More than 20 years later, the Baltimore Ravens’ 11-time Pro Bowl selection and six-time All-Pro is one of 15 finalists for induction into the Pro Football Hall of Fame. The 6-foot-9, 340-pound starter on Baltimore’s Super Bowl XXXV championship team is by all accounts a virtual certainty to join this year’s class in Canton, which is set to be unveiled Saturday afternoon roughly 24 hours before the Ravens play the San Francisco 49ers in Super Bowl XLVII.
When Ogden enrolled at St. Albans in junior high, Skip Grant was the athletic director of the boys’ prep school in Northwest, and he used to eat lunch with students in grades four through eight. Retired from St. Albans since 1998, Grant never forgot Ogden’s imposing presence in the dining hall, or anywhere else.
“To see Jonathan moving around among average-sized youngsters his age was always pretty astounding because he was so much larger than his classmates,” said Grant, who coached Ogden, also an all-American in the shot put, in track and field. “I remember one time in particular when boys would wear shorts in the spring, and he was wearing his shorts, and I just looked at him, and I said, ‘Boy, if there’s ever an accurate description of a boy in a man’s body, he was just that.’”
By the time Ogden became a freshman, he had grown to 6-feet-4 and weighed every bit of 270 pounds, recalled Dave Baad, a former athletic director and assistant football coach at St. Albans. A year later, Ogden was still growing while starting at right tackle.
As Ogden approached 300 pounds, his aptitude for learning quickly remained prolific. So intuitive was Ogden’s understanding of blocking techniques that rarely did coaches need to teach him more than once, and by his senior year, he was always in the right place when the team ran the counter trey made famous by the Washington Redskins.
“I could be just as calm as the next guy, and then about 15 or 20 minutes before the game I’d start to get into a different mind frame and just ready to try to inflict mass pain and damage on people,” Ogden said in a telephone interview from New Orleans, where the Super Bowl is being played. “It sounds a little crazy, but it is the way you have to approach the game to be successful.”
The offensive line coach at St. Albans then was Dave Mohler, who played college football at North Carolina and learned some of the finer points about blocking while watching Harris Barton up close. The three-time Super Bowl champion left tackle with the 49ers was a fifth-year senior when Mohler was a freshman at Chapel Hill, and Mohler called Ogden the superior pass blocker even in high school.
“He was just unbelievable,” said Mohler, adding Ogden’s uncanny knack to be able to toggle his demeanor from peaceful to punishing stood out as much as any of his pupil’s physical gifts.
Ogden was named All-Met Player of the Year as a senior and had several FBS scholarship offers. In the end, he chose UCLA over Florida because athletic officials there would permit him to participate in shot put in addition to football, and in 1996, he won the NCAA indoor title in the event.
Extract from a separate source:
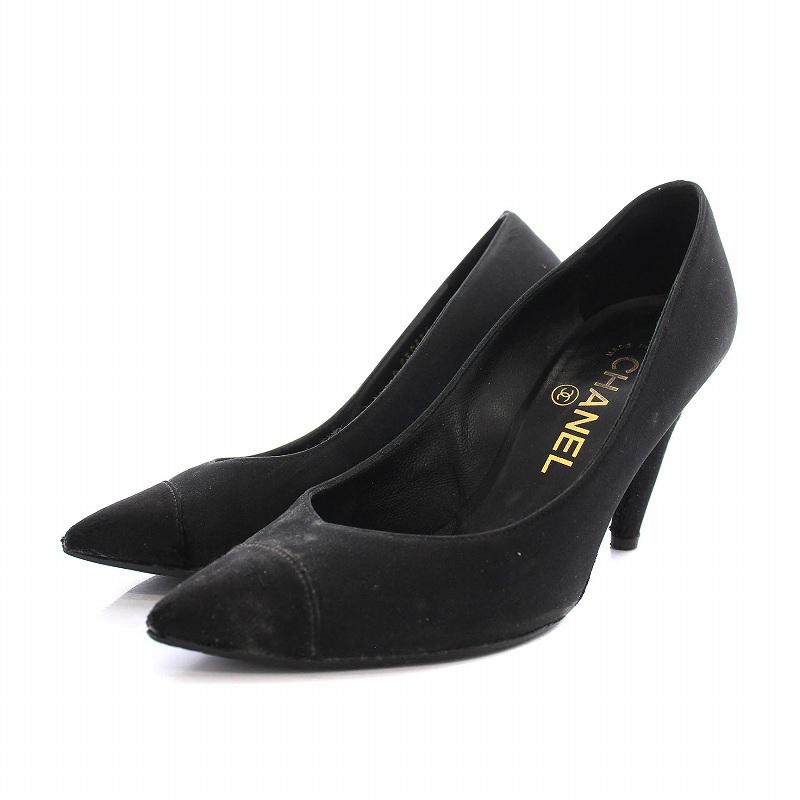 CHANEL（シャネル） パンプス ヒール ココマーク パール 36.5 黒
When Ogden was at UCLA, he somewhat reluctantly moved from right to left tackle. The adjustment was so smooth that he allowed two sacks over 23 games as a junior and senior, won the Outland Trophy as the country’s best offensive lineman and became one of seven Bruins whose numbers were retired by the school.
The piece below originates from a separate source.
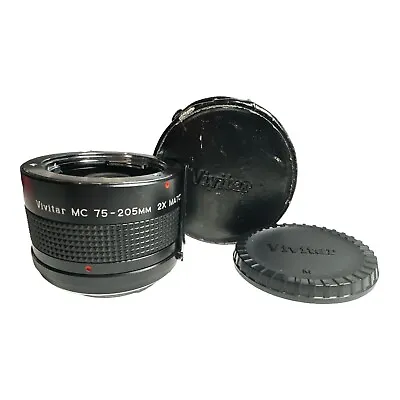 🔥 Vivitar MC 75-205mm 2X Matched Multiplier For M/MD (Minolta) W/ Case 🔥 • $11.96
The Ravens made Ogden the first pick in franchise history in 1996 at No. 4 overall and constructed much of the offense around him. In 2003, he helped Jamal Lewis rush for 2,066 yards and went on to be voted to the 2000 all-decade team. Four months after he announced his retirement in 2008, the Ravens inducted Ogden into their Ring of Honor.
“Wow, I mean just St. Albans to Canton,” Ogden said. “That would be quite the ride.”